Mansfield gives a good account of Hobbes and Locke, but his strident insistence on taking Locke to be a secret atheist leads him to offer a misleading account of what Locke says. He argues that when Locke affirms the right of self-ownership, he brings into question the view that God is our owner:
The other preparation for Locke’s theory of property is its necessary premise that man is his own property rather than God’s property. Recalling the conclusion in the First Treatise that political power cannot be derived from God and the doubt raised whether man has an inheritance from God for which he must be grateful, we can ask how this applies to property. It appears that property raises a religious question more fundamental than the question whether some humans have a right to property against other humans. Before we decided whether property is private or social, humans themselves must be justified to hold property—and this is disputable. Is man a creature that belongs to his Creator together with everything that belongs to man? . . .but the religious question had to be faced and resolved first. Locke, being the cautious man that he was, both affirms and denies that man is the property of God. He says that man is the “workmanship” of God (FT §53; ST §§6, 56), but he also says that man has property in his own person (ST §§27, 44, 123).
But his discussion ignores a crucial passage from the Second Treatise:
For men being all the workmanship of one omnipotent and infinitely wise Maker; all the servants of one sovereign Master, sent into the world by His order, and about His business; they are His property, whose workmanship they are, made to last during His, not one another’s pleasure. Every one, as he is bound to preserve himself, and not to quit his station wilfully [sic].
Given Mansfield’s detailed knowledge of the text of Locke’s major works, his failure to cite this passage suggests that he has his own agenda to promulgate.
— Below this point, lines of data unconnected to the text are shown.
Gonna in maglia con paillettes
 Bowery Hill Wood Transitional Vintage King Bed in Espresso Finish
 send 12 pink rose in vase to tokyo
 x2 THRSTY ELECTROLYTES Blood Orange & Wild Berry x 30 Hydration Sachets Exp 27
When we get to Rousseau, a problem arises similar to one that we raised in the discussion of Machiavelli. He tells us that Rousseau questions whether the growth in scientific knowledge has been to man’s benefit. He maintains that it had not been and that man in his primitive state was happier than he is now, although we cannot return to our condition of primeval ignorance. He devised a speculative anthropology that threw the universality of reason into question:
For Rousseau there can be nothing in nature, including human nature, that inclines men to improve themselves. Human reason is perfected by the passions, and passions are created by needs; yet at this stage men have no needs. One must conclude that reason is not natural to humans. The early moderns, Hobbes and Locke, had used reason against nature; natural law consisted of rules of human reason. Rousseau points out that one cannot rely on rules of reason—that is, progress in intelligence shown in the sciences and arts—because the discovery of truth is not necessarily good for humans. Thus, when you go back far enough, you see that reason is not part of human nature.
Mansfield gives a lovingly-detailed account of what Rousseau has to say in his First and Second Discourses, but he never asks why we should take Rousseau’s speculations seriously. Granted that Rousseau says what Mansfield attributes to him, who cares? And—dare one say it—the same goes for Nietzsche as well.
Mansfield has a sharp mind, and his book is worth reading; the chapter on Marx is especially well done. But those who prefer philosophical argument to exegesis of the texts of the “great thinkers” are well-advised to turn elsewhere.